Iron, atomic properties, chemical and physical properties

Receiving technology

Iron ore (magnetite and hematite) is sent to work: to a processing or metallurgical plant.

Iron ore

Pig iron is smelted in a blast furnace. At 1610°C, the mixture (sinter, pellets) with flux is loaded and blown with hot air. This allows you to remove impurities and separate slag.

The main methods of producing steel:

1. Martenovsky. Molten cast iron, ore, and scrap are melted at 2100°C.

If necessary, alloying additives are added at the end of the melt.

1. Oxygen converter . The cast iron mass in the furnace is blown with air under pressure. A mixture of oxygen and air or pure oxygen is used (for steels with premium characteristics).
2. Electric melting. Cast iron is burned in an electric furnace at 2250°C. The method is used for smelting alloy and other special grades of steel.
3. Straight. The iron-rich pellets are loaded into the furnace. Blow with hydrogen at 1050°C.

Hardening steel—heating until hot and cooling—makes it ductile and hard.

The production of pure metal is based on the electrolysis of molten salts of the substance.

An iron alloy containing less than 2% carbon is steel. More than 2% carbon is cast iron.

Application

More than 90% of all metallurgical production is occupied by iron and its alloys.

Products made from steels and cast irons are an irreplaceable and major part of structural materials, including buildings, bridges, railways and much more.

Application of iron compounds:

• Divalent and trivalent iron is used as a coagulant in water treatment systems;
• the anodes in iron-nickel and iron-air batteries are made of the most famous ferrous metal;
• magnetite in the form of ultrafine powder is used in black and white laser printers;
• FeCl3 is used by radio amateurs (etching printed circuit boards);
• Magnetite is indispensable in the manufacture of memory media (hard drives).

Areas of application of iron

For most organisms, there is no life without iron; with its help, oxygen is delivered to every cell of the body. Lack of iron leads to chlorosis in plants and iron deficiency anemia in animals.

Cognitive: the belief that an apple when cut is darkened by the iron contained in it is a myth.

Where do they come from?

There are four natural suppliers of heavy metals:

1. Mountain raw materials . Most often these are igneous or sedimentary rocks.
2. Rock-forming minerals . For copper, for example, it is malachite and other minerals.
3. Volcanoes. Particles of matter erupt along with volcanic products (gases, geysers).

Malachite stone
Another source is the Universe. The substance is carried into the stratosphere by meteorites or clouds of cosmic dust.

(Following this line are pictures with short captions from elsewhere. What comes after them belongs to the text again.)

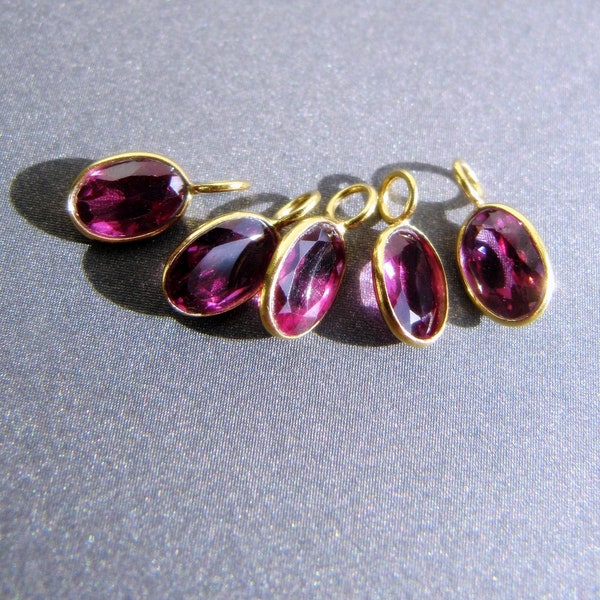 Purple Rhodolite Garnet Oval 18k Gold Charm • 6x4mm Natural Gemstone • 3mm Ring 1.75mm Hole • Solid 18 Carat Gold • GORGEOUS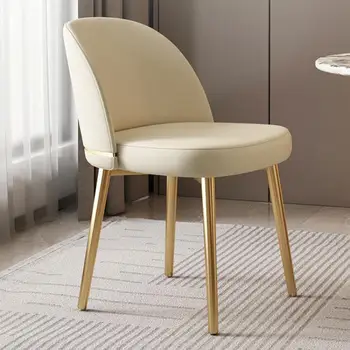 Роскошный обеденный стул Nordic Light Домашний Кожаный стул со спинкой Современный Простой обеденный стул для столовой С утолщенной подушкой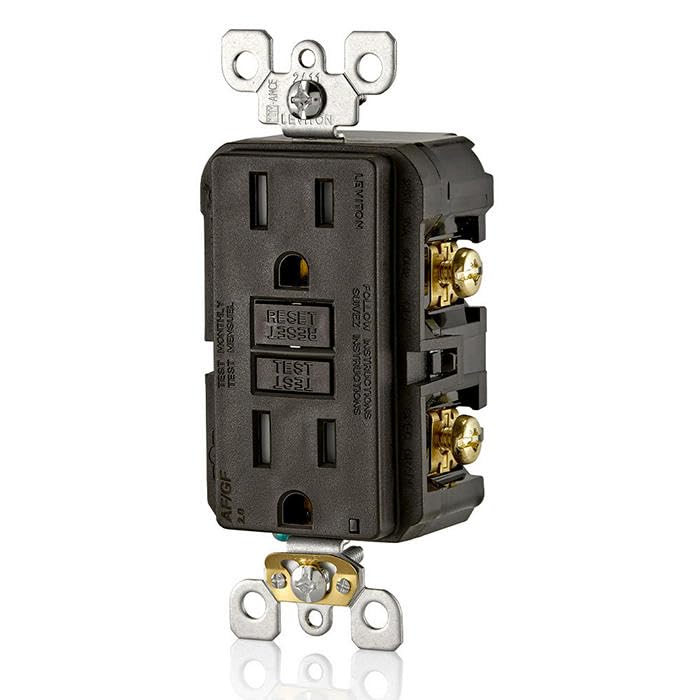 Image of Leviton Dual-Function AFCI /GFCI Outlet, 15 Amp, Self Test, Tamper-Resistant with LED Indicator Light, Protection from Both Electrical Shock and Electrical Fires in One Device, AGTR1, Brown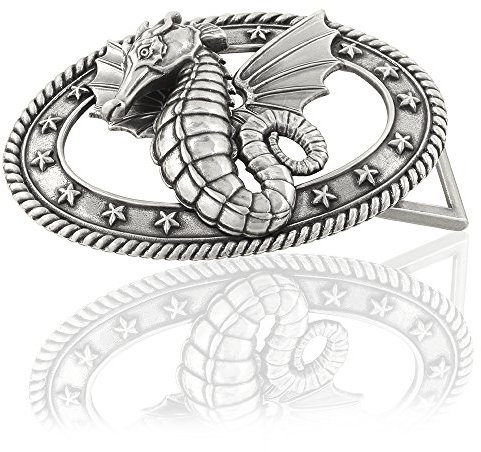 Gürtelschnalle Buckle 40mm Metall Silber Geschwärzt - Buckle Ocean - Dornschliesse Für Gürtel Mit 4cm Breite - Silberfarben Geschwärzt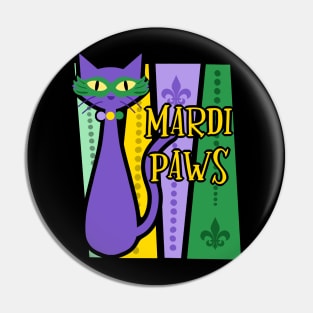 Mardi Paws Mid Century Modern Mardi Gras Funny Cat Pin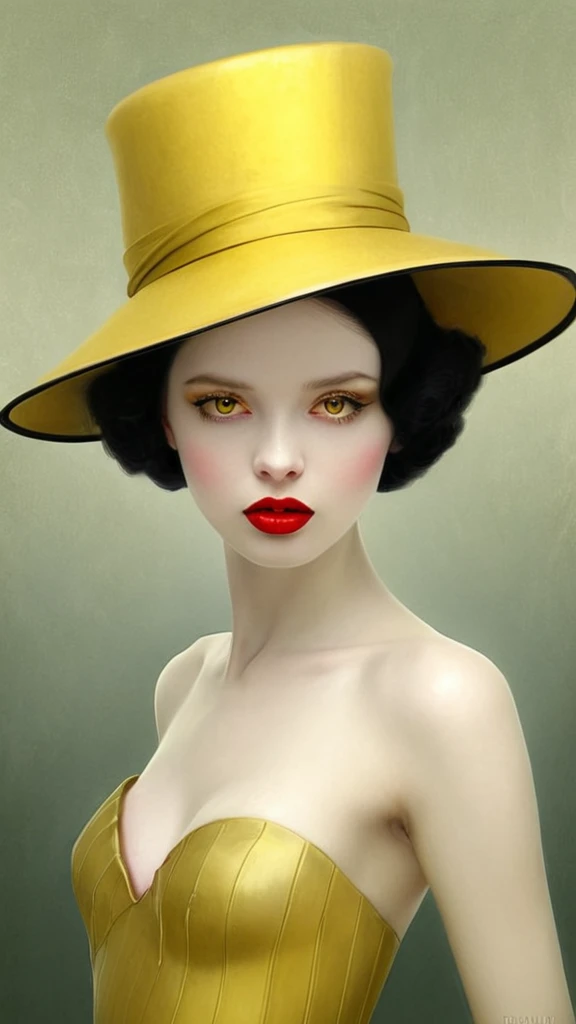 picture of a woman in a hat and red lipstick, inspired Ray Caesar, digital art of elegance, Ray Caesar, surreal black and yellow, smooth yellow eyes, glossy digital painting, stunning digital illustration, Natalie Shaw, exquisite digital illustration, elegant digital painting, Natalie Shaw tom bagshaw, Beautiful yellow woman, wide golden eyes and red lips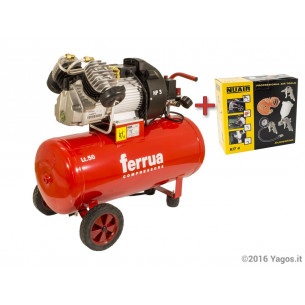 Compressore-aria-bicilindrico-a-V-50L-HP3-Ferrua-VDC-50-CM3 2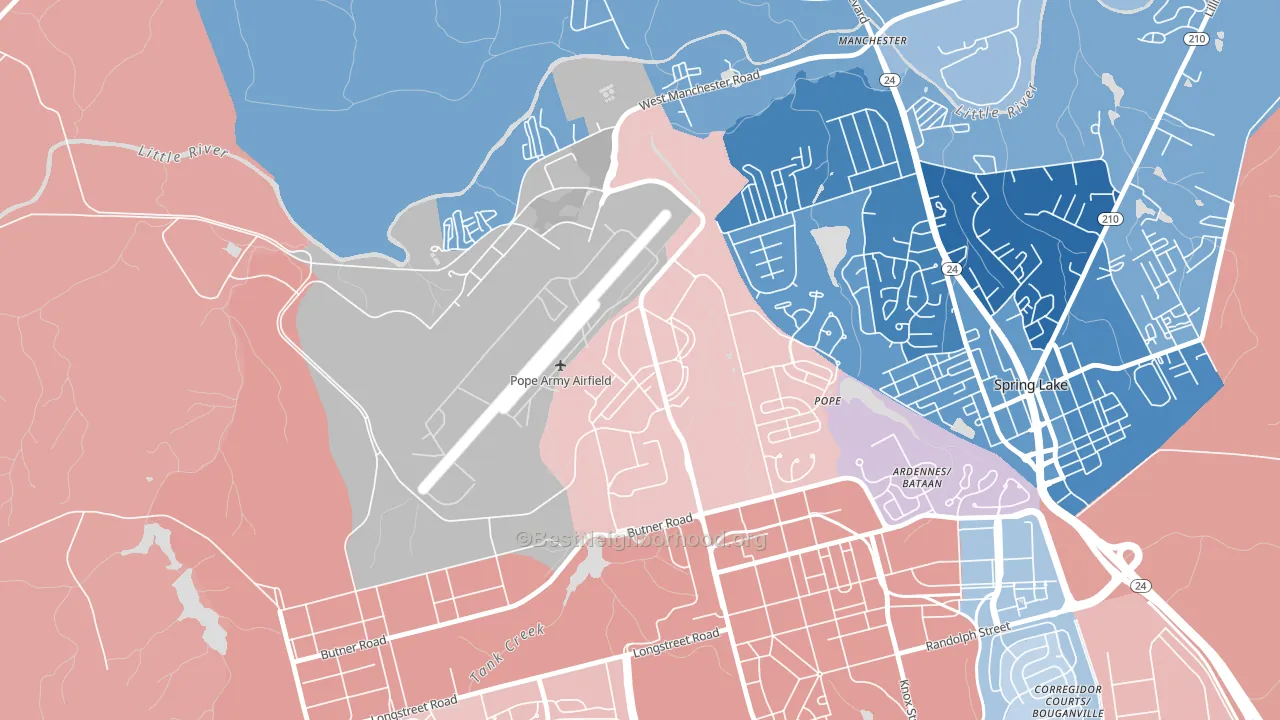 28308, NC block-group political-lean map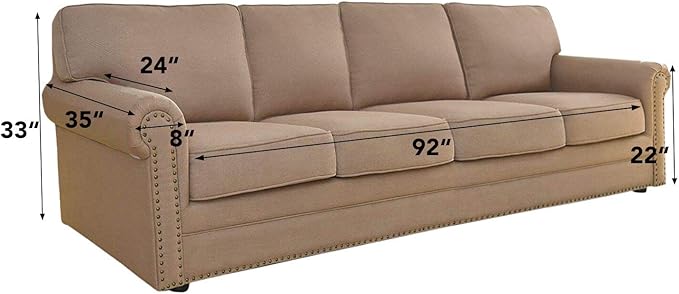 Easy-Going Stretch 4 Seater Sofa Slipcover 1-Piece Sofa Cover Furniture Protector Couch Soft with Elastic Bottom for Kids, Polyester Spandex Jacquard Fabric Small Checks Taupe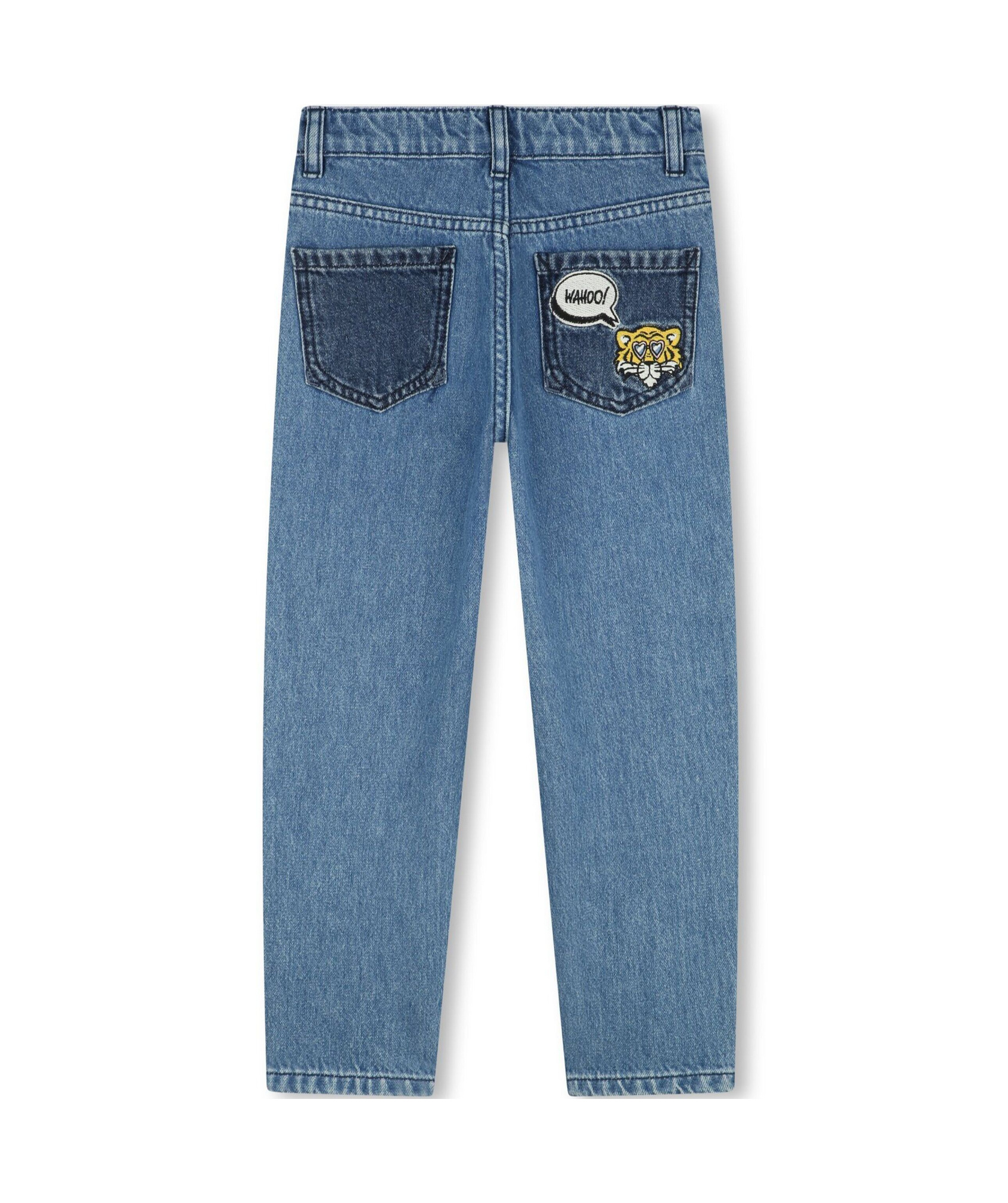 Kenzo Belt Ring Denim Trousers In Blue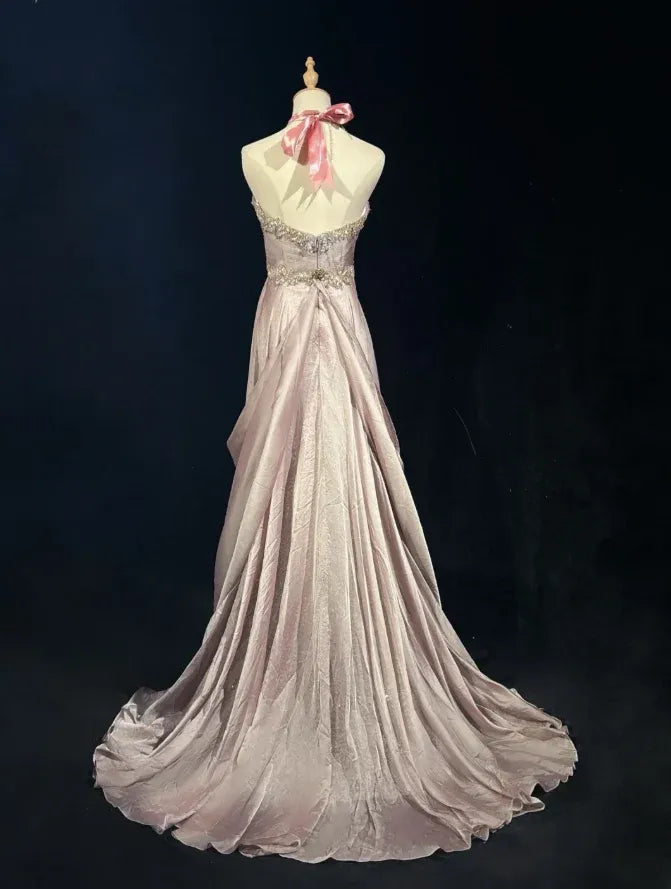 A-Line Halter Lace Beaded Wedding Dress Ruched Blush Prom Dress With Train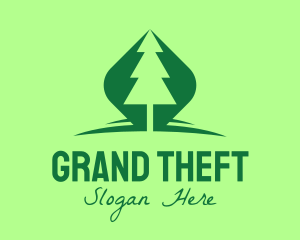 Outdoor Green Pine Tree Logo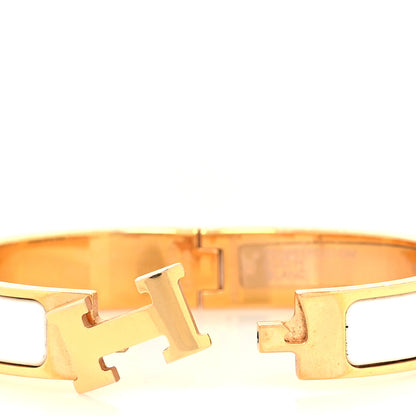 Hermes Enamel Narrow Clic Clac H Bracelet GM White 4 of 6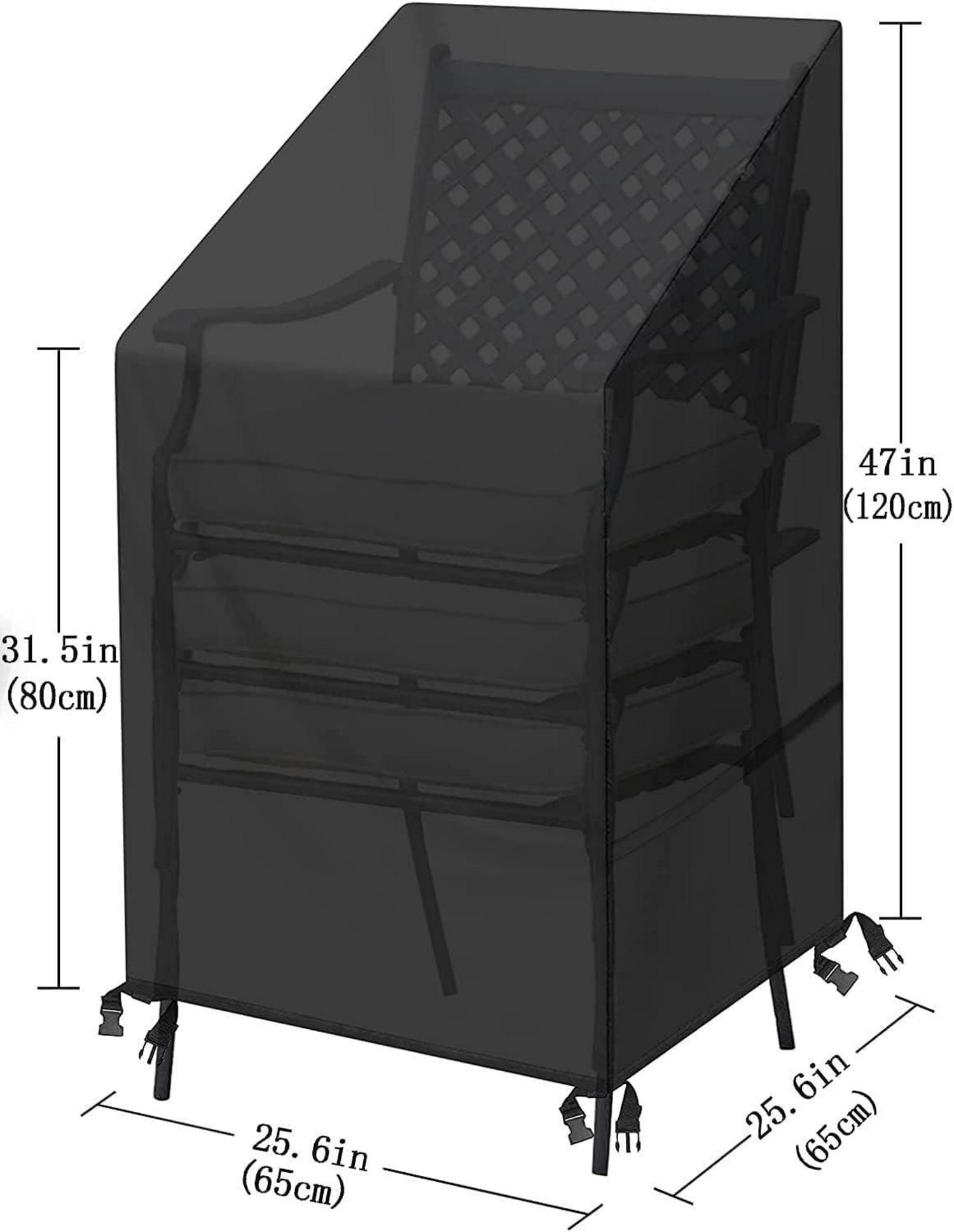 2er Pack Gartenstuhl Abdeckung 420D Oxford Wasserdicht 65x65x80/120cm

How they searched for iron ore

In the middle of the century, metal products were highly valued, they were cherished and also passed on by inheritance.

The path to becoming a cauldron or an ax in those days was very long and long: iron had to be found and then processed.

The business began with a search for places where metal ores lay. The search was helped by the experience that people have accumulated over many centuries. First of all, these are deposits that reach the surface of the earth.

Throughout Europe, iron was found in the form of lumps of ore:

1. greenish - at the bottom of lakes;

2. reddish - under the turf;

3. reddish - in forest swamps.

The bottom of the clear lakes was scanned from boats, or they dived into the muddy water in search of pieces of ore, which they scooped out with scoops.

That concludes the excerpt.